6 comments on “Do I Want Skydiving Lessons?

  1. I’ve always questioned such “sports” myself. I’ve flown with a parachute when I had “spin training” and didn’t much like the idea of actually using it. But it was a regulatory requirement, so I wore it.

    Jumping can be done safely, but requires much in the way of recurrent training in order to remain safe. Great if you are fighting wildfires or in the 101st Airborne division, but probably not for the average person.

    Anything related to aviation must be conducted in such a manner as to anticipate problems and failures and to be prepared to deal with such. A good parachutist packs their own parachute and inspects every bit of the ‘chute and the rigging.

    When I flew, actively, I was pretty trusting in the people whom worked on the planes. Then one evening, while flying over some very rugged terrain, I almost lost an engine due to a mechanical problem that was known, but not corrected. Fortunately, there was someone in the right seat who could force the prop control full forward, while I flew the landing and we were alright. The next morning, the engine stalled while still on the ground and we had it fixed before continuing the flight.

    This was a new airplane less than a month out of the factory and supposedly in perfect shape. The mechanic where I rented to plane knew that a control cable for the propellor was improperly supported, but he let me take the plane on a 2,000 mile journey without bothering to spend the 15 minutes effort required to address this very easily remedied problem. When I told him that I almost lost the engine on Final while over rough terrain, approaching an airport, he shrugged and said he had known about it but didn’t think it was a real problem. I and three family members could have been killed. I was so angry at that moment that I walked away without saying a word. Now, 38 years older and 38 years wiser, I would have complained to the FAA and tried to have his license revoked.

    My point is simply that when you place your trust in others, you are assuming their bone fides, and bona fides is in short supply these days. I hold two Airman’s certificates and have worked as an aviation professional in the past, but I no longer fly, because I no longer trust the airline industry, the security measures emplaced and most certainly not the world of General Aviation (small airplanes). There are just too many irresponsible people out there.

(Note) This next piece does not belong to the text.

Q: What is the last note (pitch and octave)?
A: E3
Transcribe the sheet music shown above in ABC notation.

    1. Mixed feelings. There is nothing wrong with the drones, in and of themselves, but they are being misused by many people. They certainly present a privacy issue, but also a matter of safety, if they are flown too close to a populated area.

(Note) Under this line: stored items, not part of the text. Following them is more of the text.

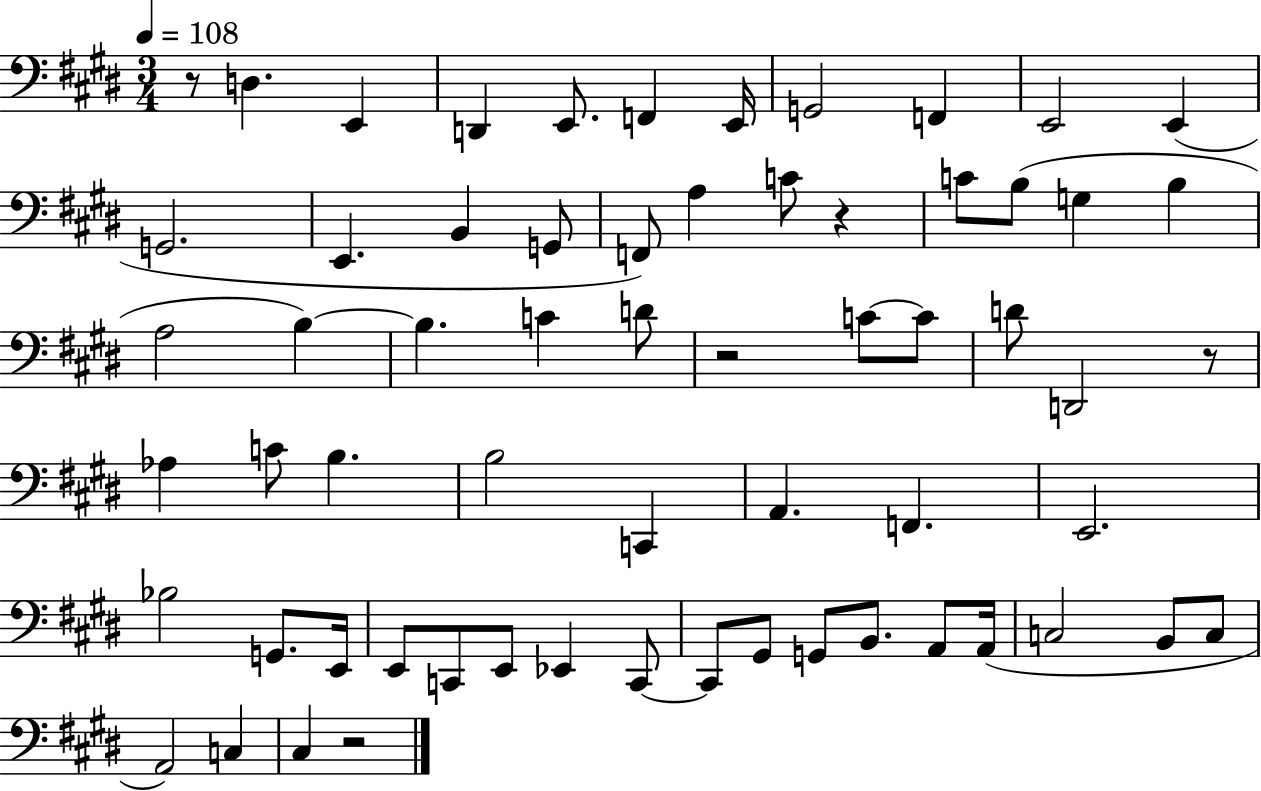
{
  \clef bass
  \numericTimeSignature
  \time 3/4
  \key e \major
  \tempo 4 = 108
  r8 d4. e,4 | d,4 e,8. f,4 e,16 | g,2 f,4 | e,2 e,4( | \break g,2. | e,4. b,4 g,8 | f,8) a4 c'8 r4 | c'8 b8( g4 b4 | \break a2 b4~~) | b4. c'4 d'8 | r2 c'8~~ c'8 | d'8 d,2 r8 | \break aes4 c'8 b4. | b2 c,4 | a,4. f,4. | e,2. | \break bes2 g,8. e,16 | e,8 c,8 e,8 ees,4 c,8~~ | c,8 gis,8 g,8 b,8. a,8 a,16( | c2 b,8 c8 | \break a,2) c4 | cis4 r2 | \bar "|."
}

      I have flown one myself, and they are quite impressive. I am certain that in a matter of a few hours, one could become quite proficient in their use, and they indeed have some very beneficial uses.

      They can be used for power line inspection, for surveying, tracking wildlife populations and to inspect tall buildings. The problem is that they can be used for intrusion on privacy, and that’s a huge problem. They can also be used in the commission of crimes and I’m certain that it’s only a matter of time before one is used to carry a weapon in a criminal manner.

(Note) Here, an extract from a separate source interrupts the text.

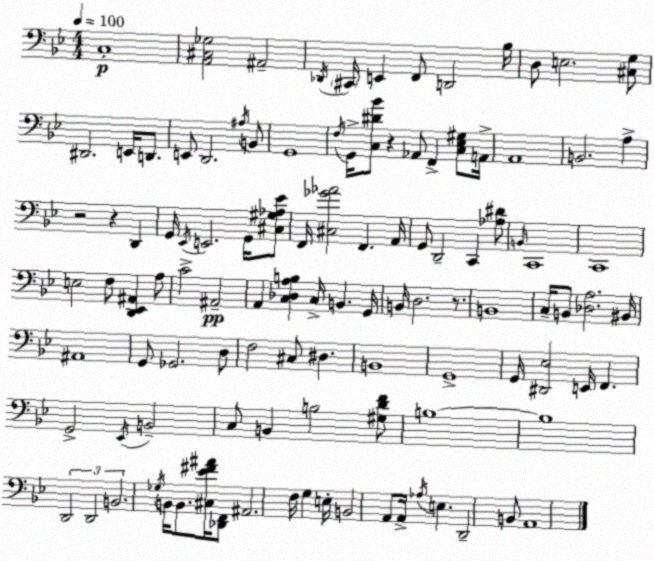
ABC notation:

      I suspect that there will be some severe regulation, sooner or later. Right now, the expensive toy drones are restricted to low altitudes and away from airports, as they should be. It wouldn’t surprise me if the regs increase over time.

      Nearly 40 years ago, a pilot of my acquaintance was on final to an airport in a light aircraft and an RC model plane was beside him. That was a very dangerous situation and should never have happened. I don’t have it out for RC planes, but they need to stay away from airplanes which carry humans. If one of those things fouled the controls of a real plane there would likely be a death. A prop striking one would also be quite risky.